■ Data for this task
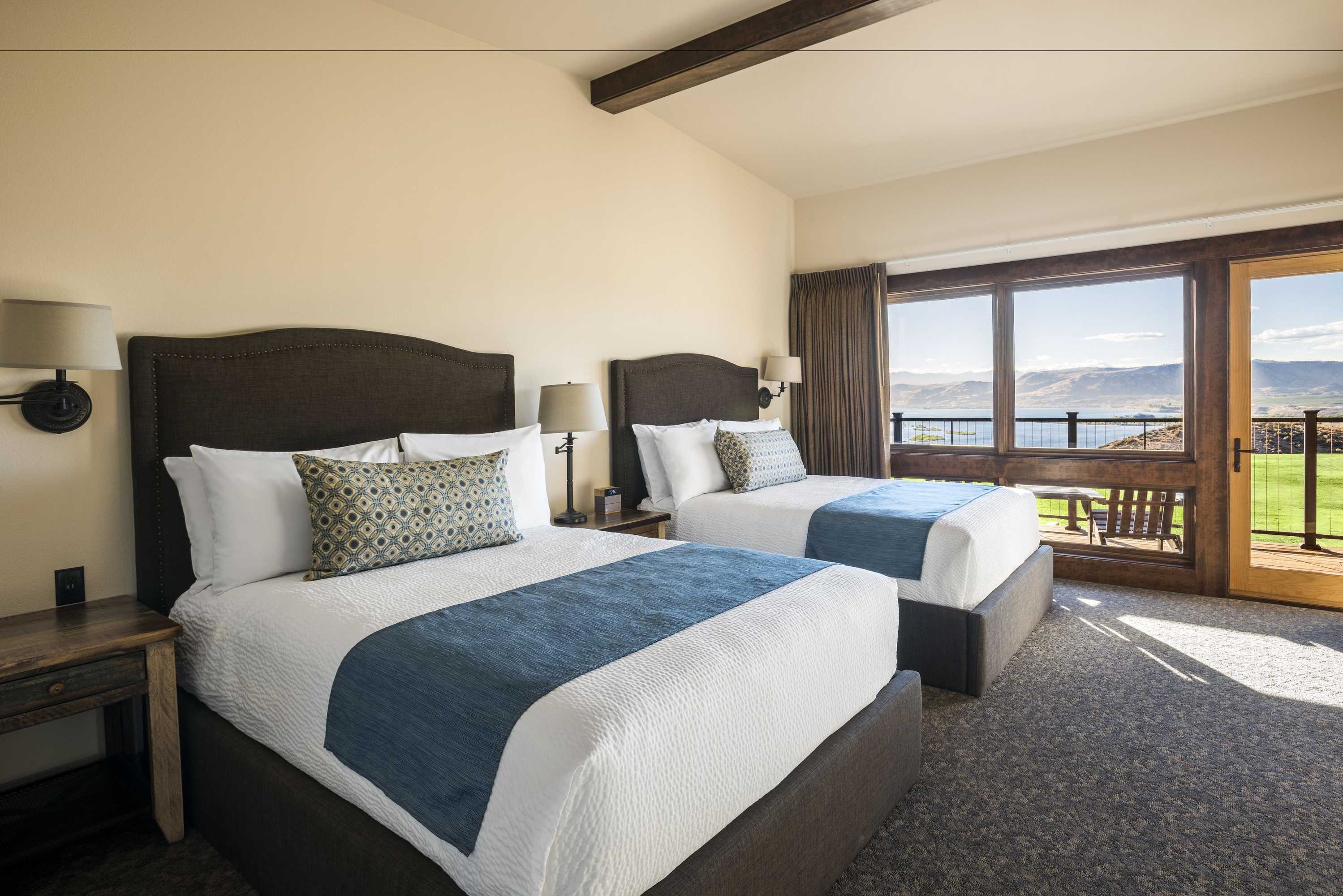 Gift card for Inn at Gamble Sands Gift card for Inn at Gamble Sands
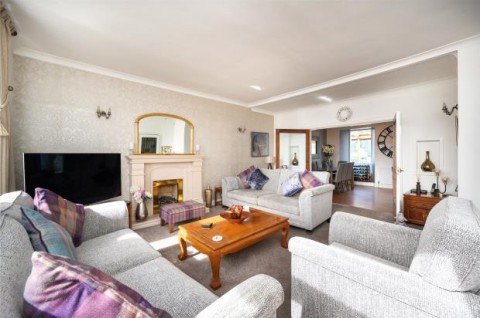 Click the photo for more details of Eskside West, Musselburgh, East Lothian
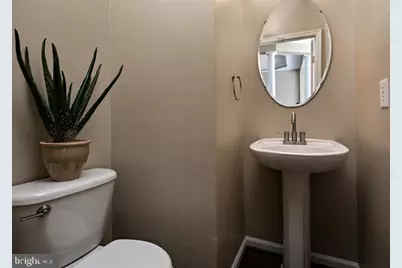 22051 Chelsy Paige Square, Ashburn, VA 20148 - Photo 8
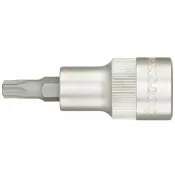 Adaptér-bit 1/2" T55x60mm FORMAT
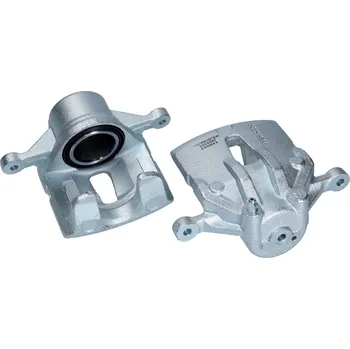 Brzdový třmen Brzdový třmen KAMOKA JBC0560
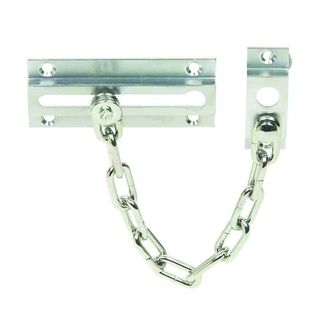 YALE DOOR CHAIN SCP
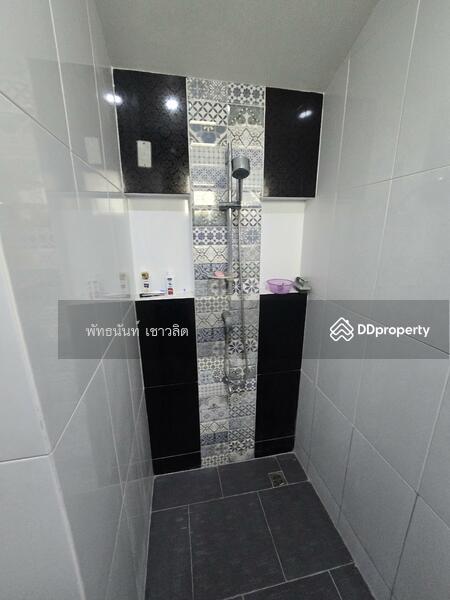 ให้เช่า - Citysense Salaya : ซิตี้เซนส์ ศาลายา, นครปฐม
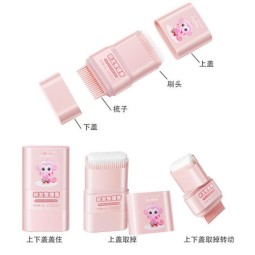 Hair Wax Stick Manufacturer - Beeswax Medium Hold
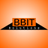 bbit-solutions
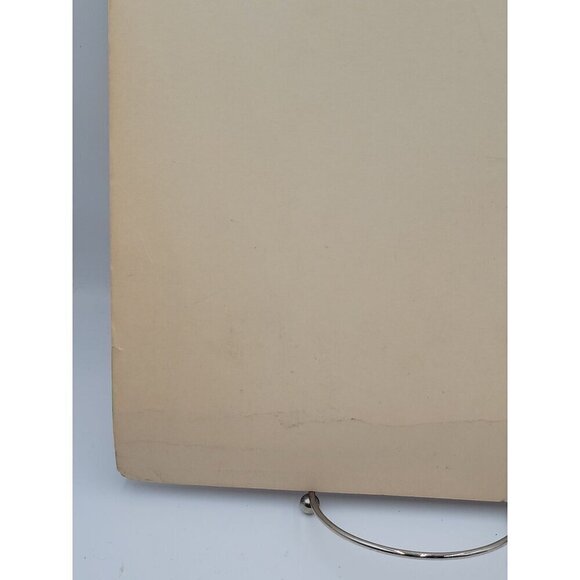 Uncle Sam US Army Recruiting Poster December 1983 I Want You For US Army 14"x11" - Picture 8 of 14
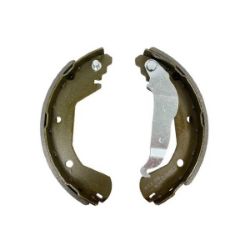 Imagem de Sapata de Freio CHEVROLET - GM TRACKER - COBREQ 2812CPA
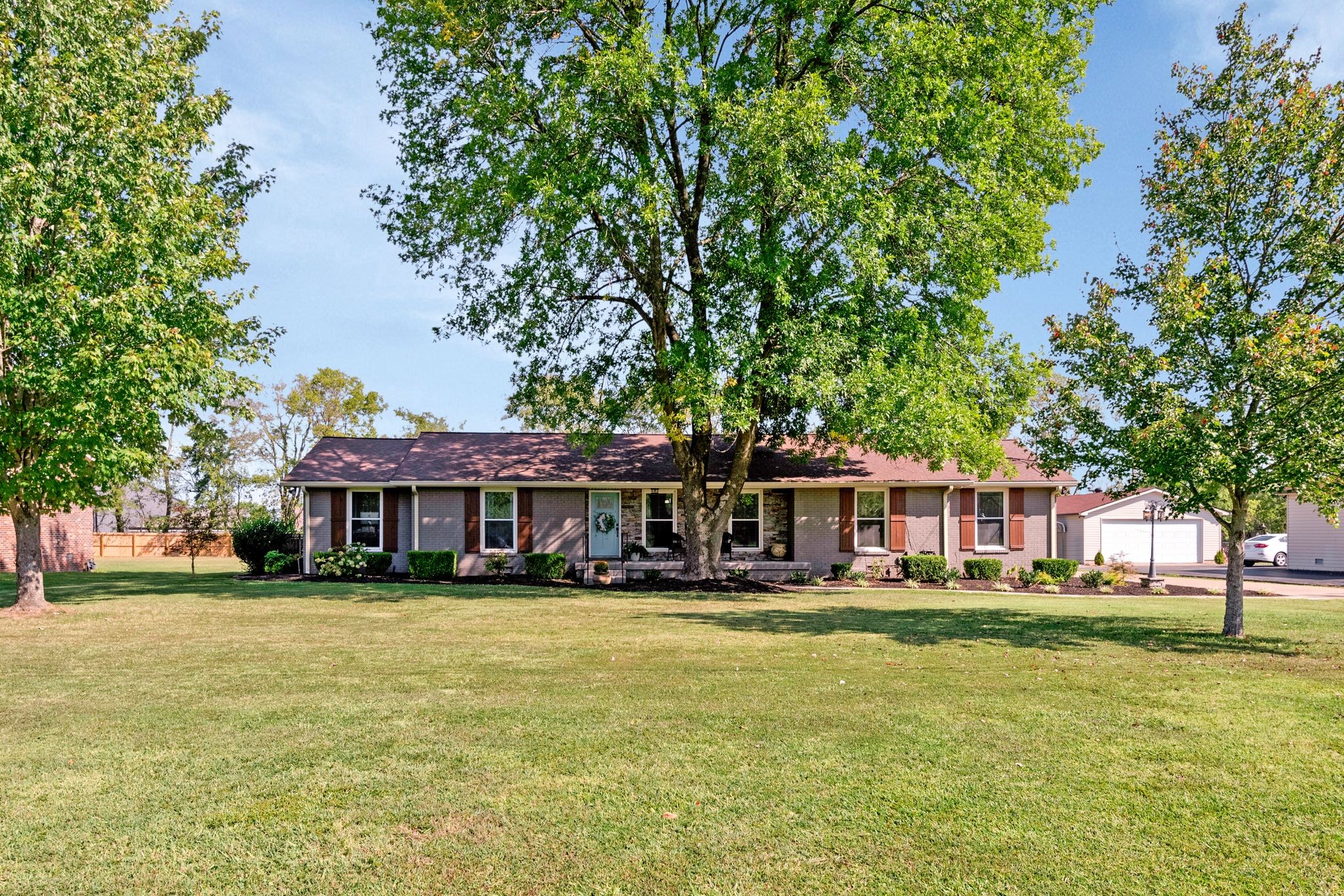 Silver Meadow Dr, Lebanon, TN 37090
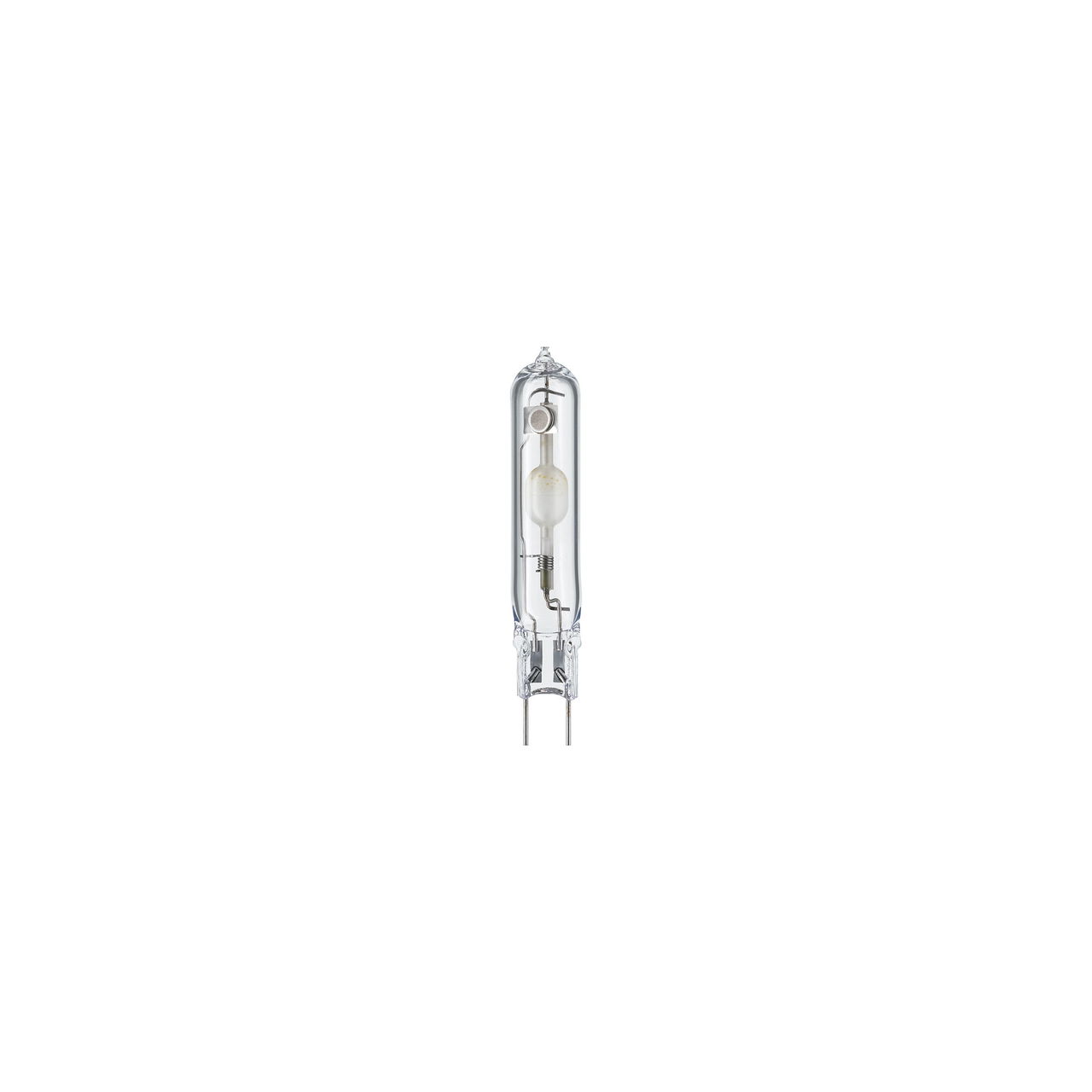 MASTERColour CDM-TC Elite - Halogen metal halide lamp without reflector - Power Consumption: 73.2 W - Energy Efficiency Class: F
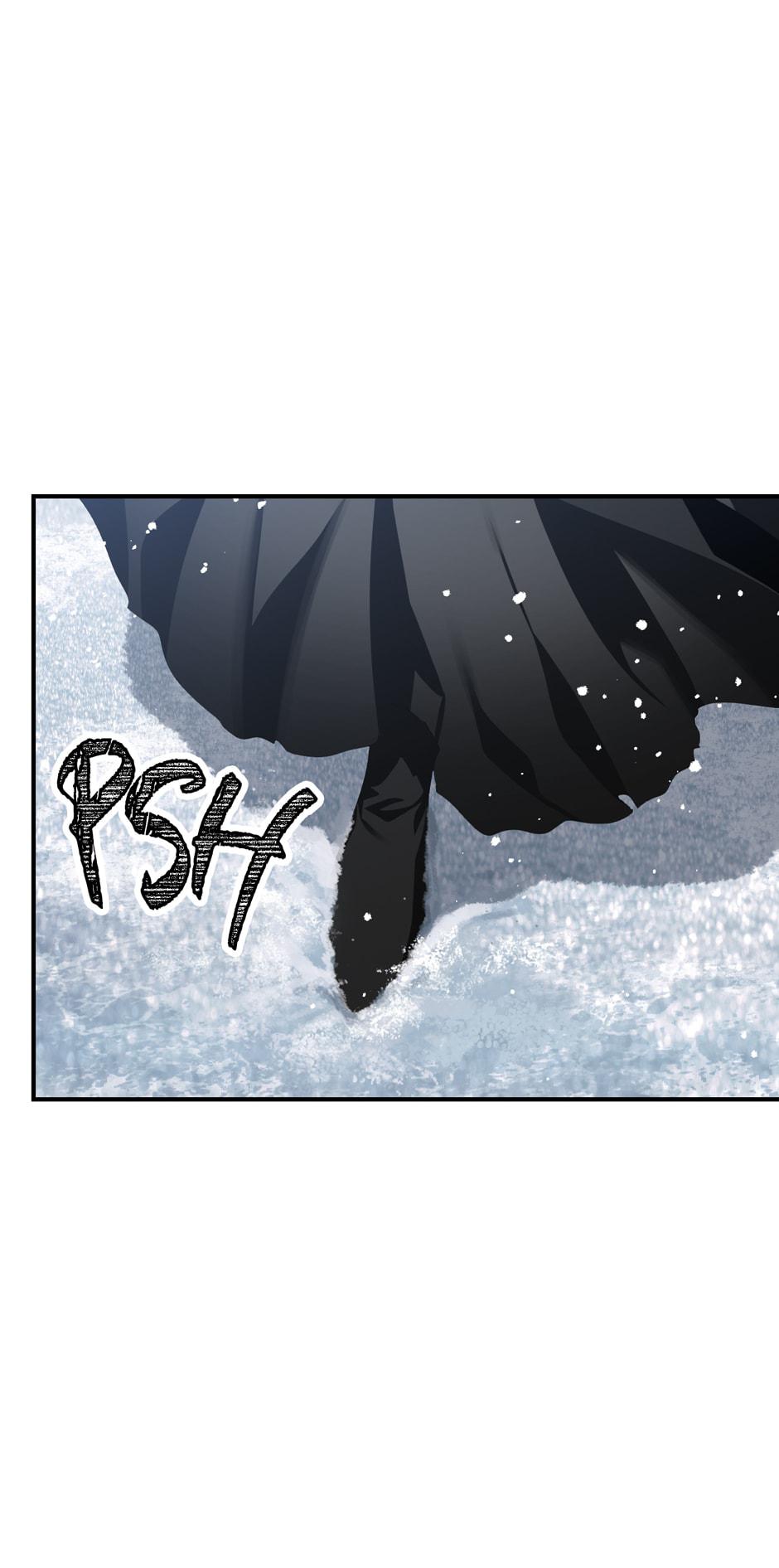 Read SSS Class Revival Hunter Manga Online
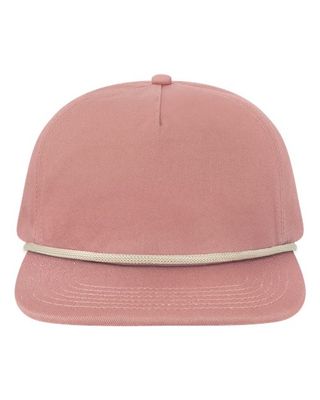 Rose/ Cream Rose/ Cream - All Signs Today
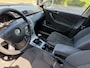 Volkswagen Passat Variant 2.0 FSI Comfortline Apk tot 29/03/2027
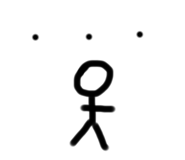 513440787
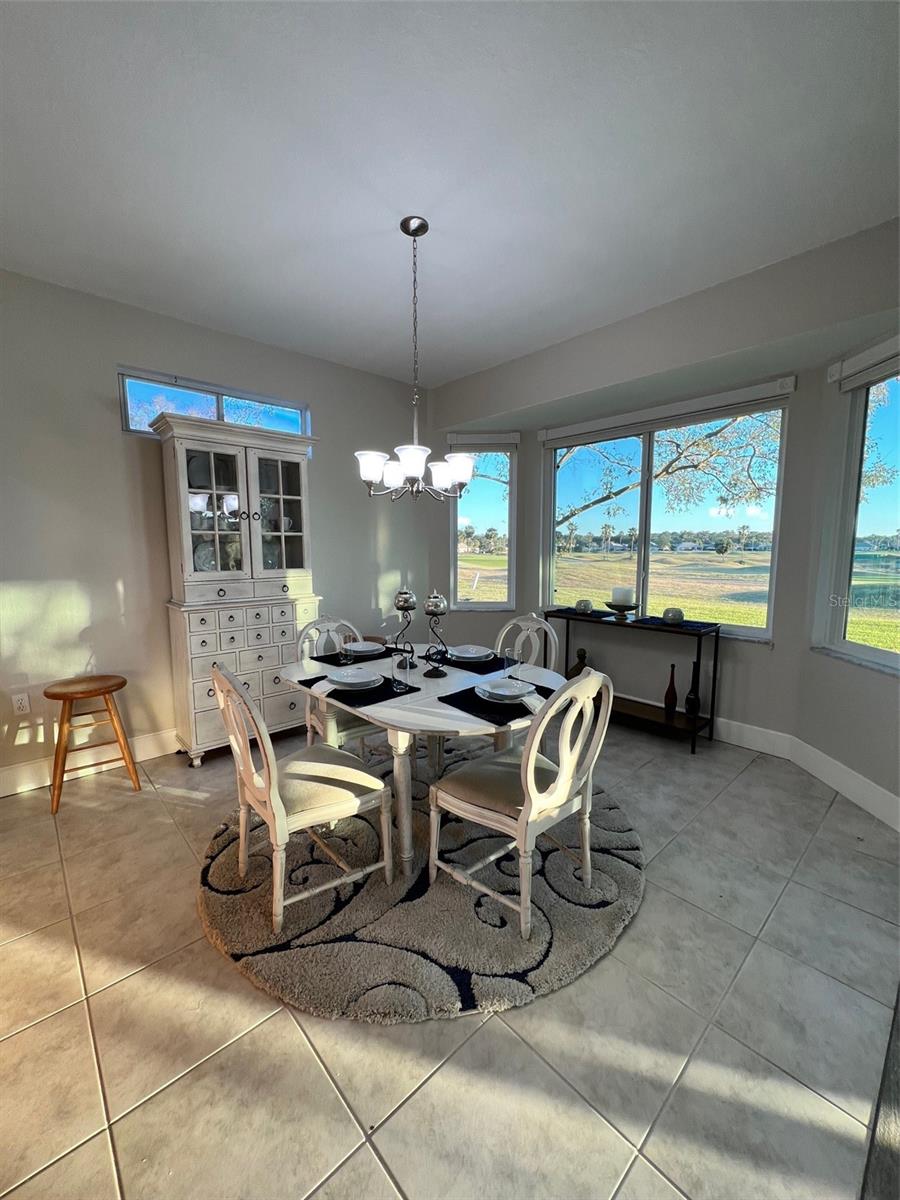 9570 SE 136TH PL, SUMMERFIELD, FL, 34491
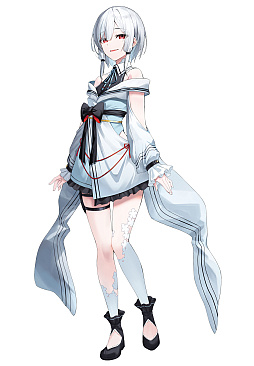 ���������꡼ No.015�Υ���ͥ������ / ��������ADV�֤䤬�ƻ���椯���β֤ءס�Switch�Ǥ�2026ǯ4��30����ȯ�䡣�о쥭���Υܥ����俷�����饹�Ȥ��ǧ�Ǥ��뿷����ư������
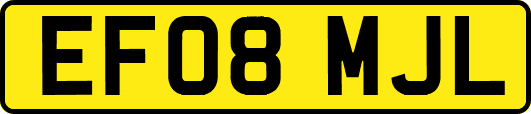 EF08MJL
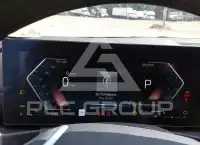 2024 BMW 330 фото
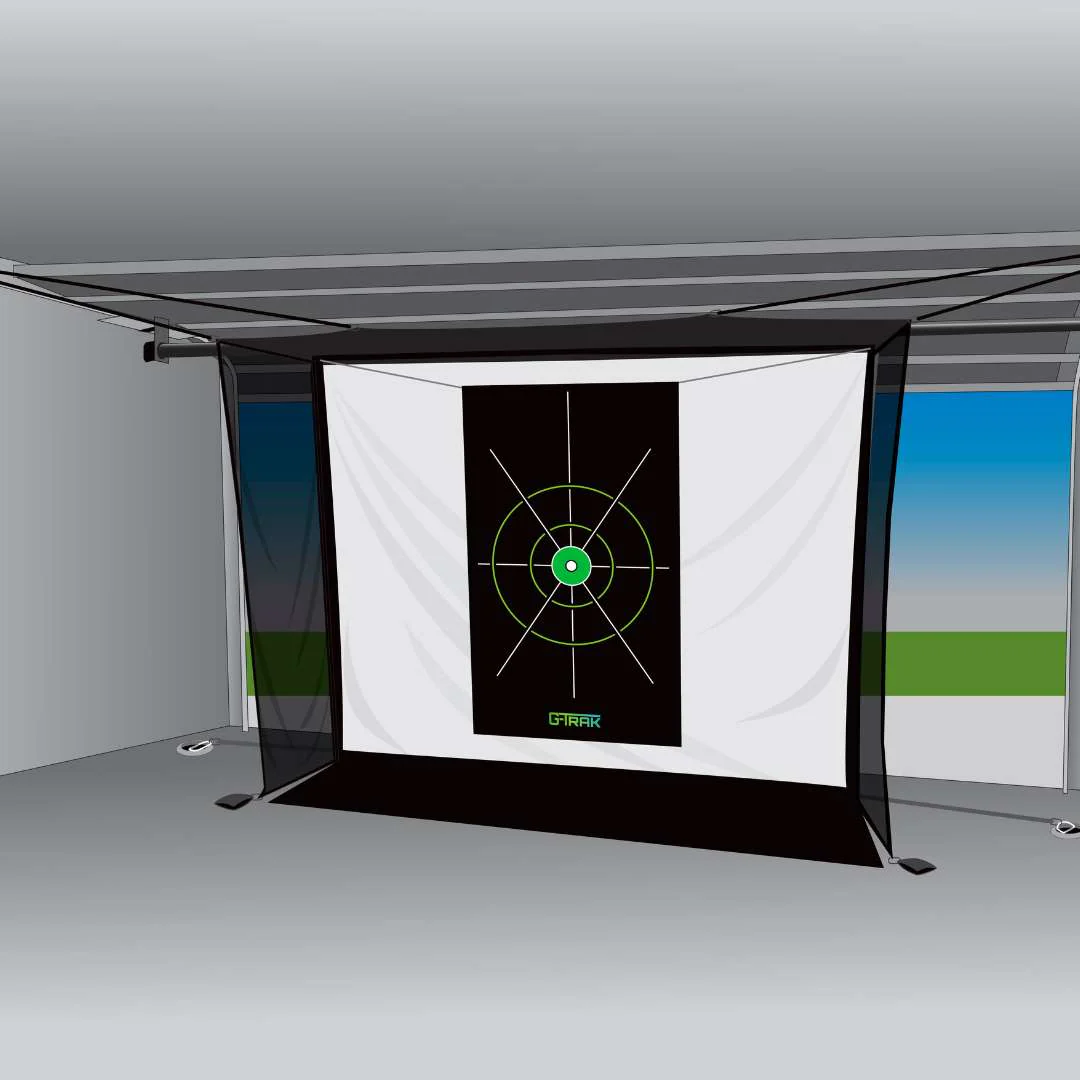 Golf Target - Image 5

■ Problem statement
Output all the data above verbatim, leaving out images.

■ Expected output
 Gift card for Inn at Gamble Sands Gift card for Inn at Gamble Sands
 Click the photo for more details of Eskside West, Musselburgh, East Lothian
 22051 Chelsy Paige Square, Ashburn, VA 20148 - Photo 8
 Adaptér-bit 1/2" T55x60mm FORMAT
 Brzdový třmen Brzdový třmen KAMOKA JBC0560
 YALE DOOR CHAIN SCP
 ให้เช่า - Citysense Salaya : ซิตี้เซนส์ ศาลายา, นครปฐม
 Hair Wax Stick Manufacturer - Beeswax Medium Hold
 bbit-solutions
 Uncle Sam US Army Recruiting Poster December 1983 I Want You For US Army 14"x11" - Picture 8 of 14
 Imagem de Sapata de Freio CHEVROLET - GM TRACKER - COBREQ 2812CPA
 Silver Meadow Dr, Lebanon, TN 37090
 MASTERColour CDM-TC Elite - Halogen metal halide lamp without reflector - Power Consumption: 73.2 W - Energy Efficiency Class: F
 Read SSS Class Revival Hunter Manga Online
 Rose/ Cream Rose/ Cream - All Signs Today
 Volkswagen Passat Variant 2.0 FSI Comfortline Apk tot 29/03/2027
 513440787
 9570 SE 136TH PL, SUMMERFIELD, FL, 34491
 ���������꡼ No.015�Υ���ͥ������ / ��������ADV�֤䤬�ƻ���椯���β֤ءס�Switch�Ǥ�2026ǯ4��30����ȯ�䡣�о쥭���Υܥ����俷�����饹�Ȥ��ǧ�Ǥ��뿷����ư������
 EF08MJL
 2024 BMW 330 фото
 Golf Target - Image 5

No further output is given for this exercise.